C'est bien simple, 174 fonds spéculatifs ont fermé aux États-Unis lors des trois derniers trimestres de 2018, soit 30 de plus que ceux qui ont été créés, selon le cabinet d'études Hedge Fund Research. Ce qui est du jamais vu dans cette industrie de trois milliards de milliards de dollars. « Les gestionnaires de fonds spéculatifs connaissent une révolution darwinienne, où le plus fort supplante les plus faibles sans pitié : l'IA est en train de remplacer l'être humain dans ce secteur d'activités à une vitesse foudroyante », dit Xiao-Ping Zhang, professeur de finance et d'informatique à l'Université Ryerson, à Toronto.
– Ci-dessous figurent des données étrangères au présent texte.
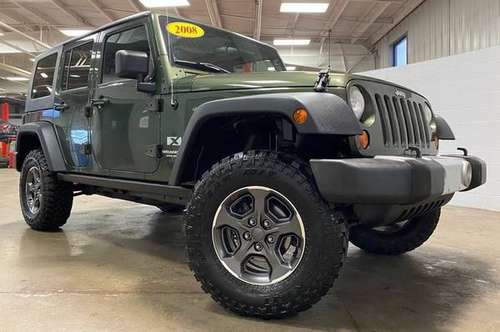 2008 Jeep Wrangler 4WD 4dr Unlimited X - cars & trucks - by dealer -... for sale in Coopersville, MI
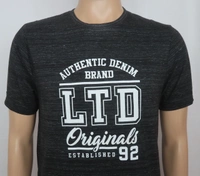 #M10113A3 Basics PRINTED SHORT SLEEVE T SHIRT 3A3 - Black, L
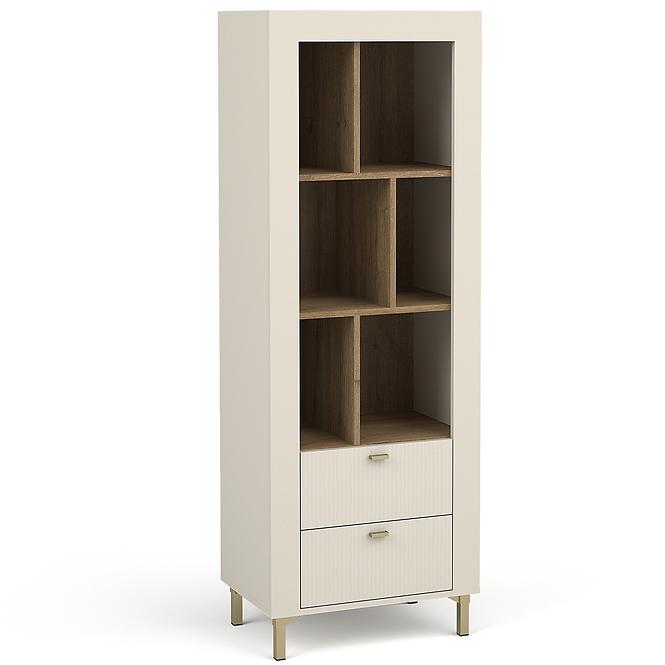 Regál Mossa M04 2S dub whisky/cashmere 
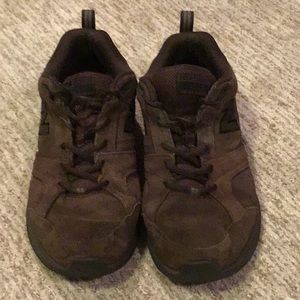 New Balance 623 Mens Brown Suede Shoes 
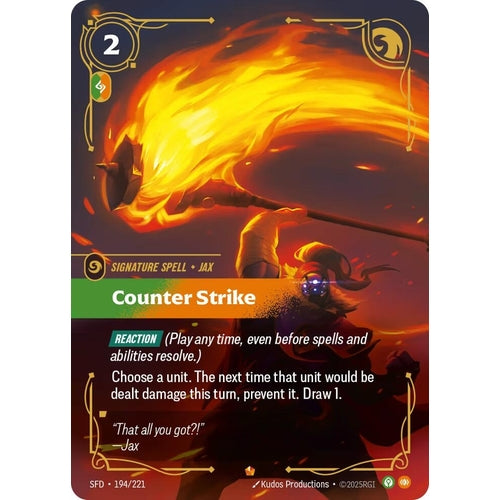 Image for Counter Strike (194/221) (Spiritforged) - Riftbound: League of Legends Trading Card Game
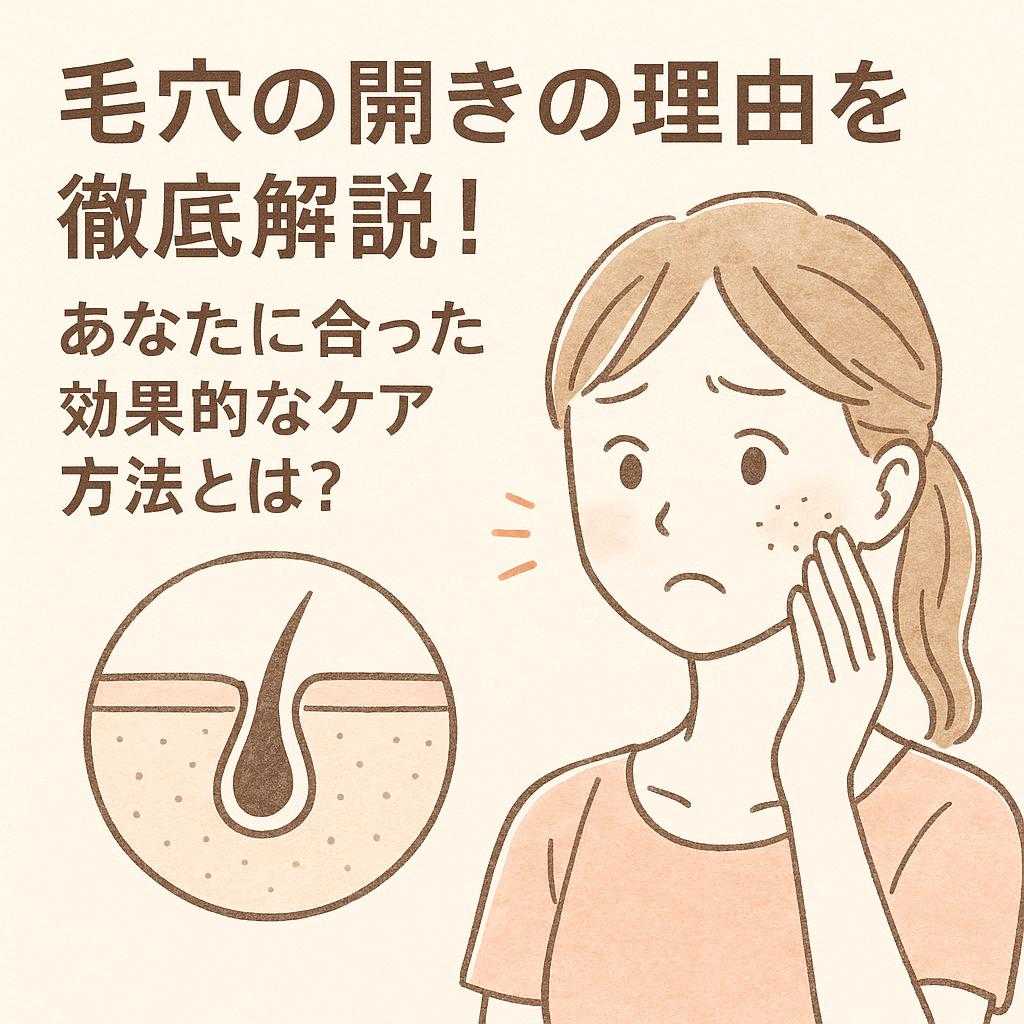 毛穴の開きの理由を徹底解説！あなたに合った効果的なケア方法とは？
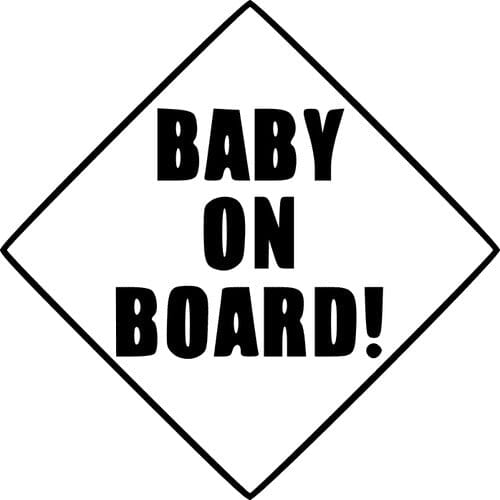 Sticker Auto Semn Avertizare Baby On Board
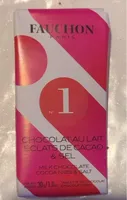 Chocolat au lait éclats de cacao & sel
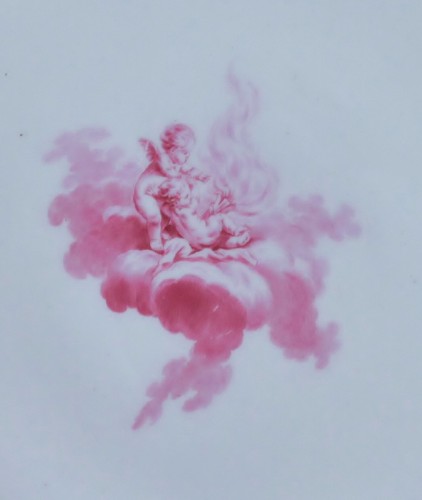  - Déjeuner en porcelaine tendre de Vincennes - Sèvres à décor d'amours, marqué 1757.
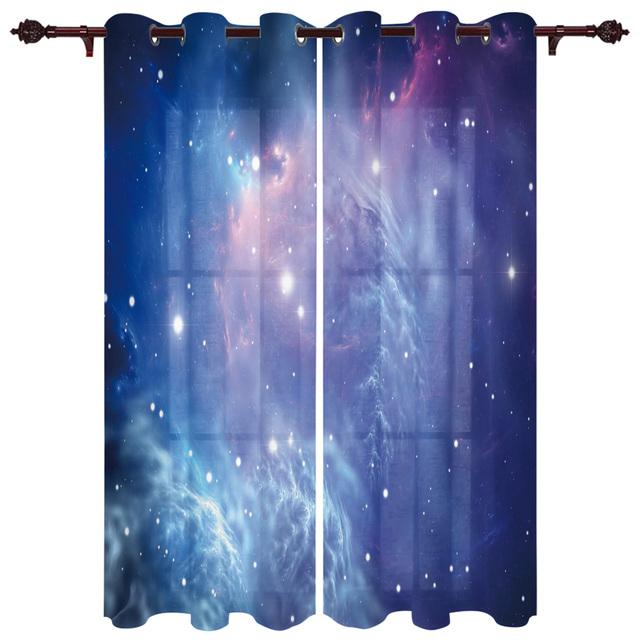 Космическая Туманность Галактика Оконные Шторы Гостиная Тканевые Шторы Шторы Домашний Декор Шторы для Спальни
Adrian Weller, le directeur des programmes de l'Alan Turing Institute à Londres, abonde dans le même sens : « C'est inévitable, les gestionnaires de fonds spéculatifs vont être surpassés par l'IA, si ce n'est déjà fait. Il leur est tout simplement impossible de rivaliser avec elle », affirme l'expert en intelligence artificielle (IA), en soulignant que 90 % des données numériques existantes sur la planète sont apparues ces deux dernières années et qu'aucun être humain ne peut en tenir compte dans ses décisions, ce qui, en revanche, ne pose guère de problèmes aux robots intelligents.
Faut-il par conséquent être surpris de la récente prévision du cabinet-conseil Opimas selon laquelle un gestionnaire de portefeuilles sur trois va perdre son emploi d'ici 2025, sur toute la planète ?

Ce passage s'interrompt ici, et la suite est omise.